TASK DIRECTIONS – Only the lines from the top of the listing below to the line that has "Hello guys, welcome" should be echoed, with both ends kept and pictures left out.

DATA SUPPLIED –
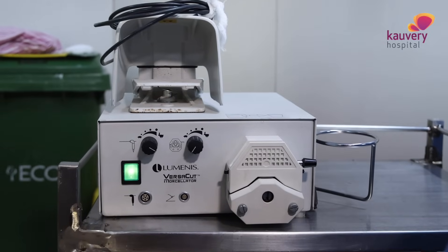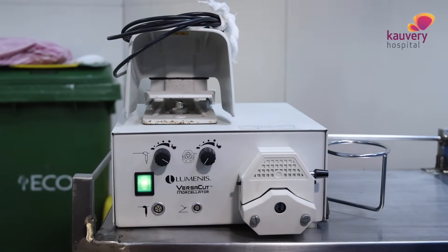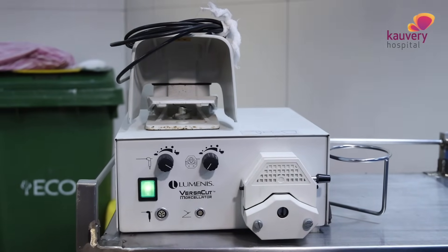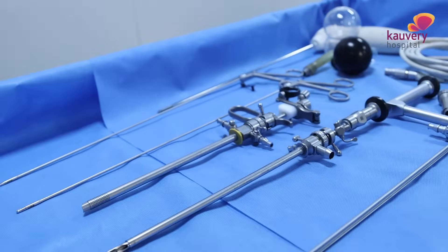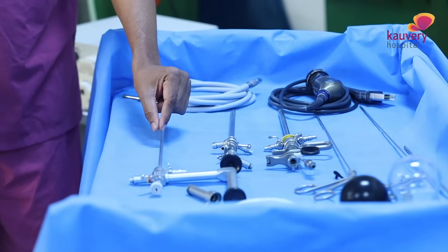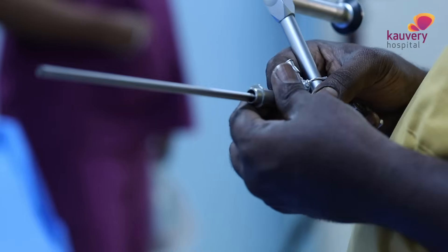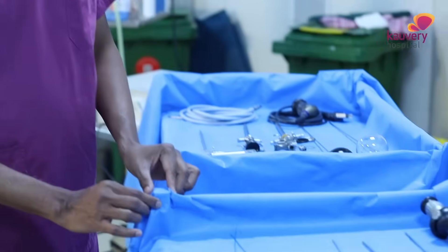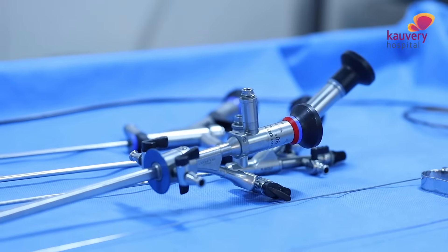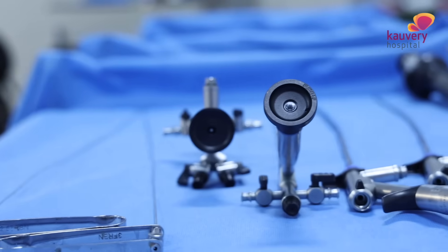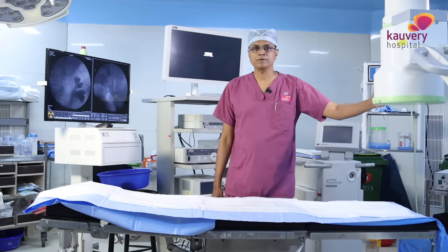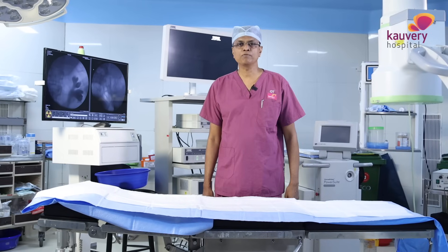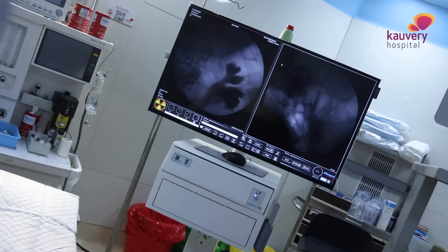We are using an important instrument called the Morcellator. This is the most important equipment for the procedure — it morcellates the enucleated tissue. This instrument is called the Morcelloscope. For urinary stone disease and kidney stone management, we also use C-Arm fluoroscopy, which allows us to see what we are doing in real time during stone procedures.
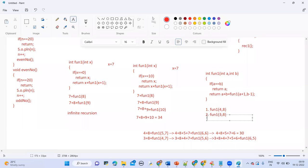This recursion concept will be continued in tomorrow's session. We'll finish all the code snippets and then go to the recursive programs list: factorial, Fibonacci, GCD, Euclid's algorithm, reversing a string, and many more — about 10 programs total.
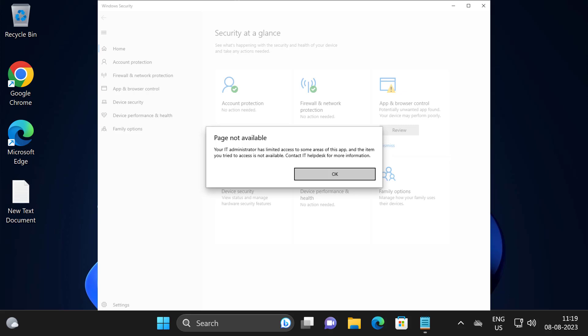Hello guys, welcome to my channel. Today we are going to see how to fix Windows security page not available problem. Let's fix it guys.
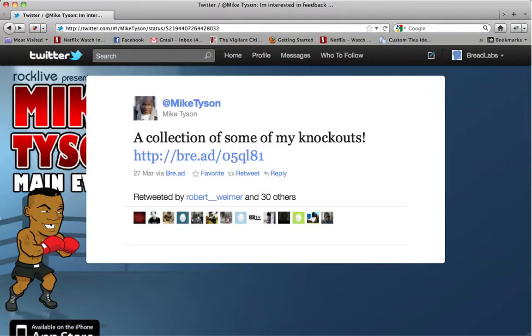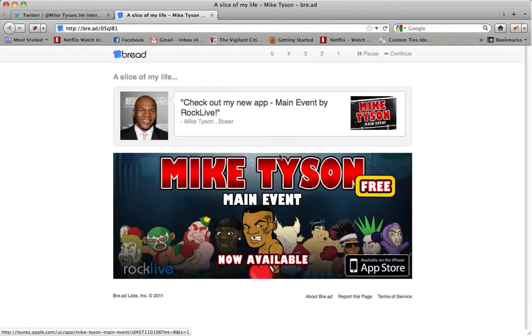Step 3: Share your Bread link on Facebook or Twitter. When your followers click on your Bread link, they see your personalized 5-second billboard before being redirected to the target site.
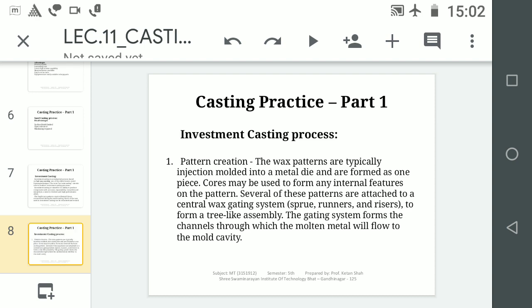The investment casting process begins with pattern creation. The wax pattern is typically injection-moulded into a metal die and formed as one piece. Cores may be used to form internal features of the pattern. Several of these patterns are attached to a central wax gating system, which is a major advantage — rather than working on single pieces, patterns can be attached to both sides of the wax runner system, like a tree. The gating system — with sprue, runners, and risers — forms the channel through which molten metal flows to the mould cavity.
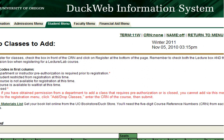Waitlisting is an available function in DuckWeb for certain classes that are full. If a class is full and has an available waitlist, you will be able to see this from the course information. If you meet the prerequisites for a course and want to get on the waitlist for it, click the check box in the Select column next to that course.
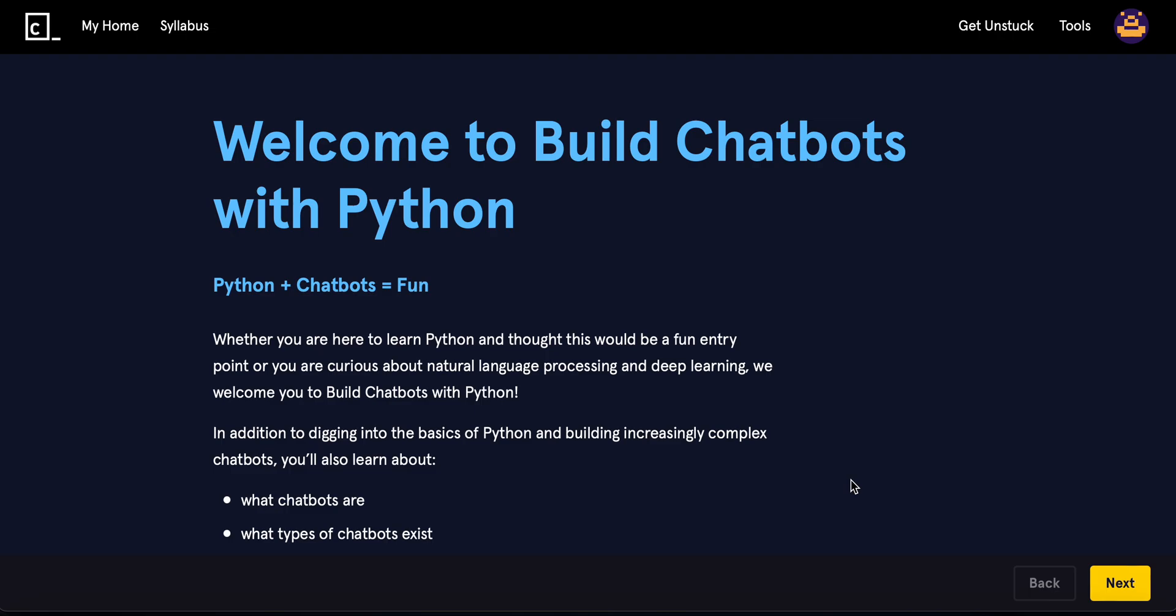What is going on guys? Today we're going to be learning how to build chatbots with Python. Now this is the first video in the entire series, so I suggest you watch this series in chronological order.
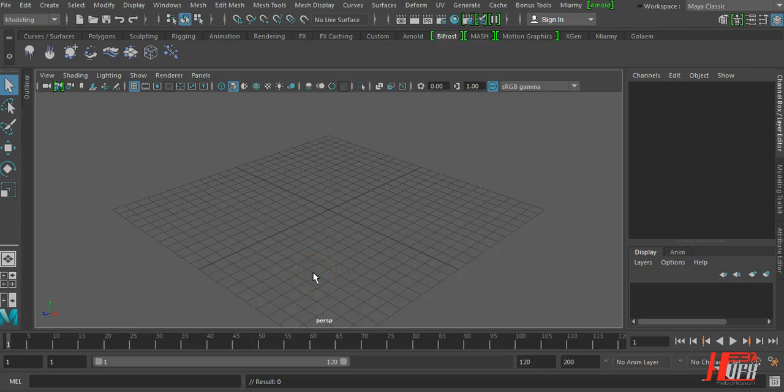Hello everyone, I am Ira Hassan and today we have a small tip but very important when using different models inside your Maya project.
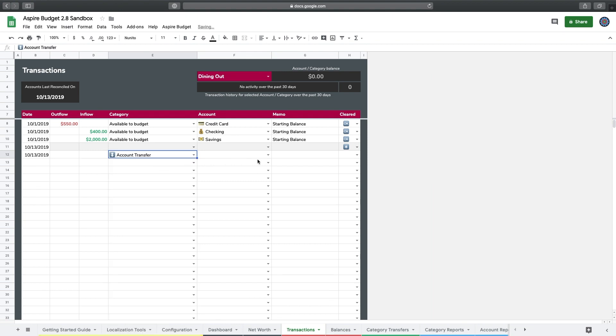Then I'm going to go back over to the outflow. The outflow, when I put in an outflow, that is moving money out of an account or from an account. In this particular example, I'm going to move $100 from my savings account into my checking account.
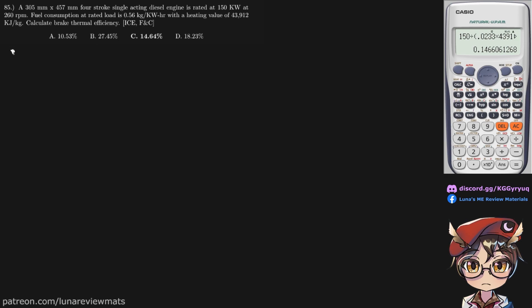So we need to find E sub B. And we can only find that if we know our brake power and the heat added by our fuel. Brake power is given to us already. It's 150kW.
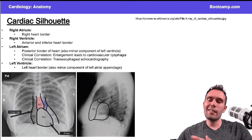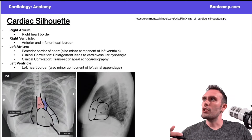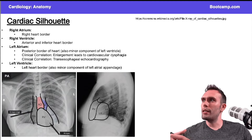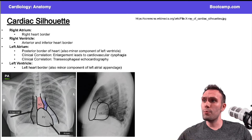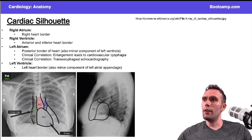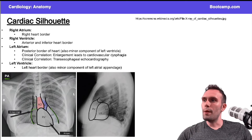Taking things a step further when we're talking about imaging, which comes up frequently on Step 1, you want to have a basic understanding of where things are. On the PA view of this X-ray, right atrium is making up the right border of the heart, left ventricle is making up a significant portion of the left border, and here's the superior vena cava right above the right atrium.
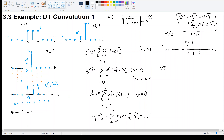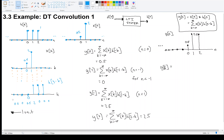Let's try Y of 3. I want to draw H of 3 minus k — imagine flipping H and then shifting it to the right by 3 units. The only non-zero overlap is 1 times 2 equals 2; everything else is 0. When I add up all of those, I just have 2. So Y of 3 is 2.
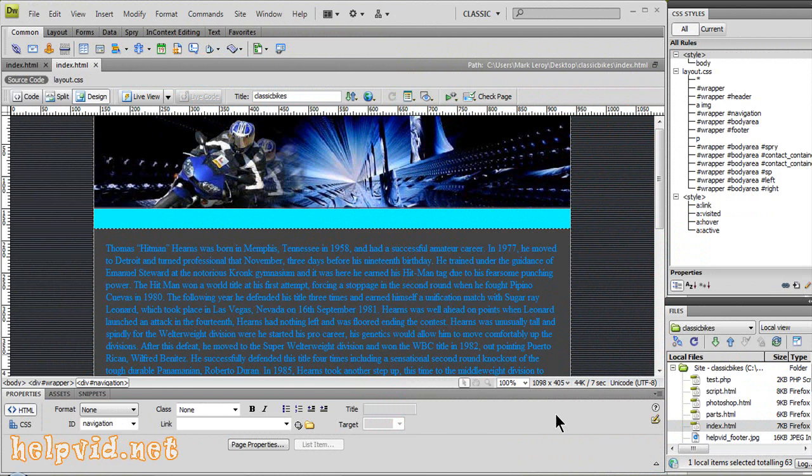Welcome folks to another tutorial from helpvid.net. Today we're going to be working in Dreamweaver and we're going to be creating a drop down multiple tab navigation bar.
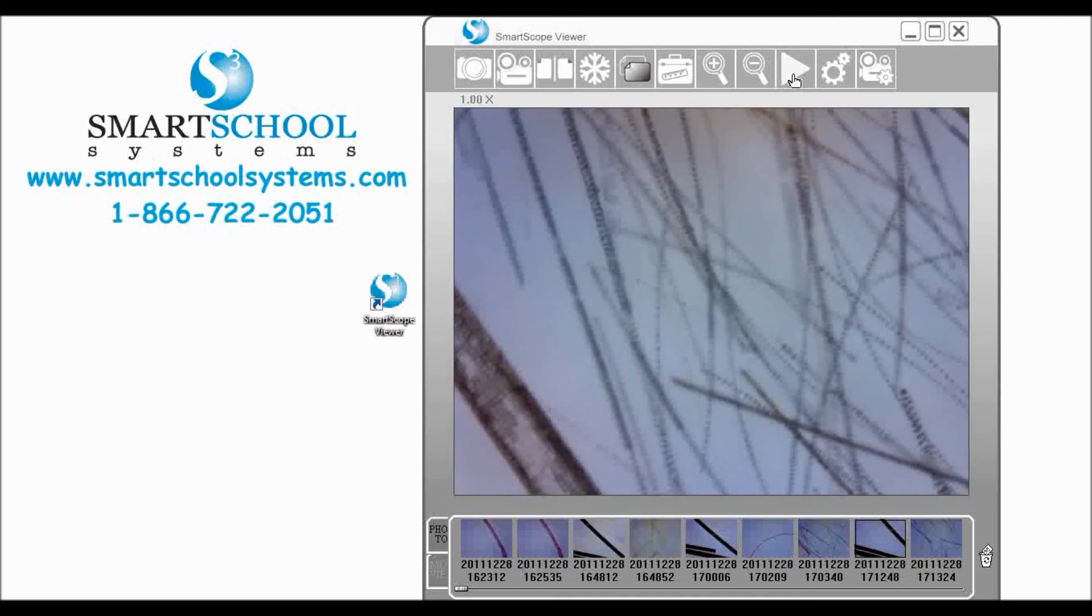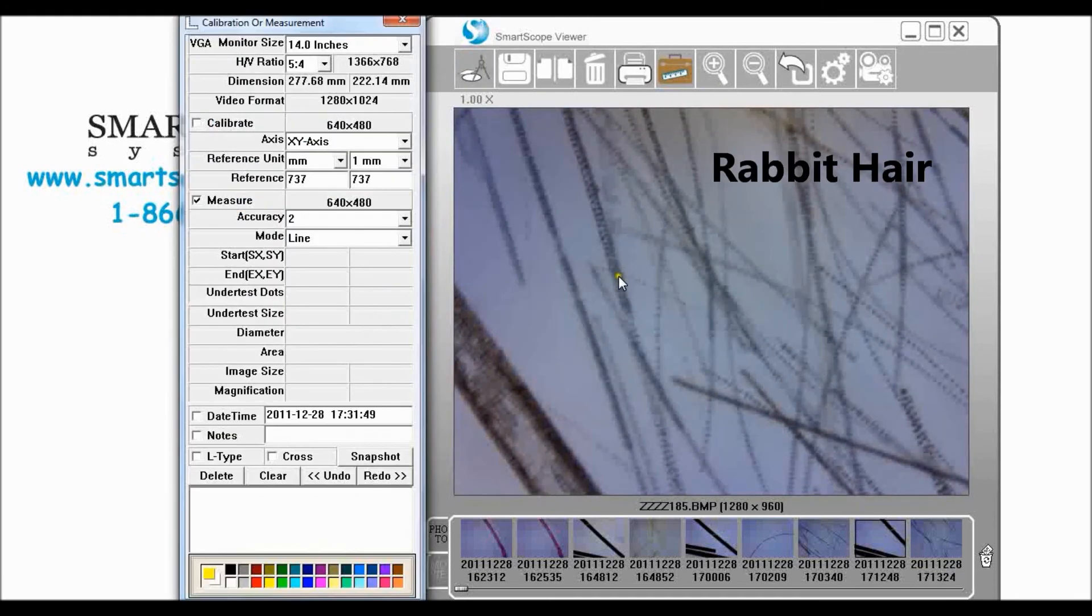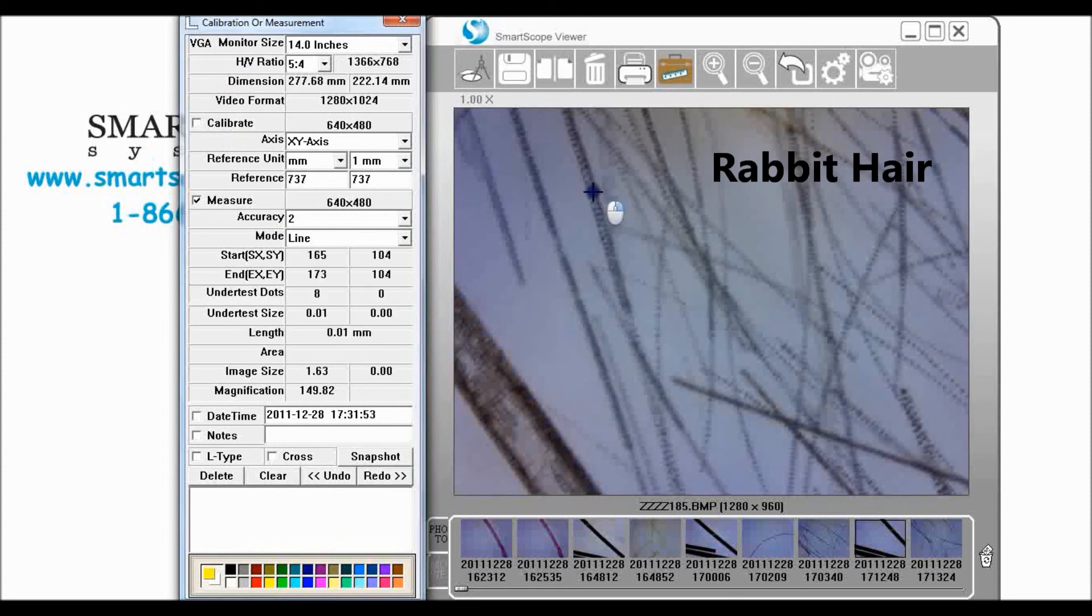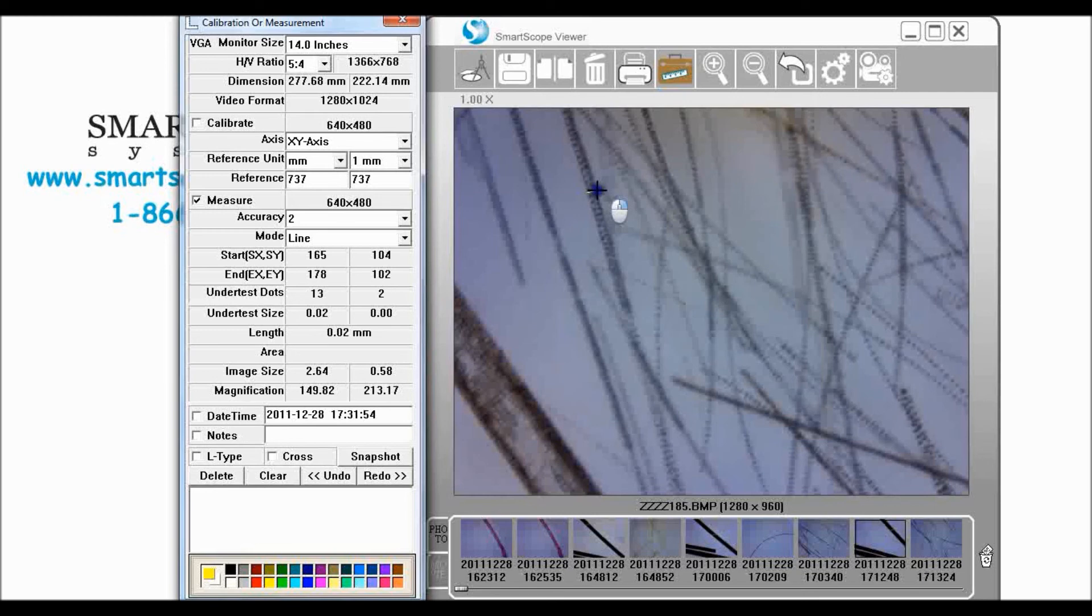And we're going to choose one at random. Click measure and right here I'm just going to take that and go straight across right there and we see that that rabbit hair is two millimeters.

SOLUTION TO THIS PROBLEM –
We are using an important instrument called the Morcellator. This is the most important equipment for the procedure — it morcellates the enucleated tissue. This instrument is called the Morcelloscope. For urinary stone disease and kidney stone management, we also use C-Arm fluoroscopy, which allows us to see what we are doing in real time during stone procedures.
This recursion concept will be continued in tomorrow's session. We'll finish all the code snippets and then go to the recursive programs list: factorial, Fibonacci, GCD, Euclid's algorithm, reversing a string, and many more — about 10 programs total.
Hello guys, welcome to my channel. Today we are going to see how to fix Windows security page not available problem. Let's fix it guys.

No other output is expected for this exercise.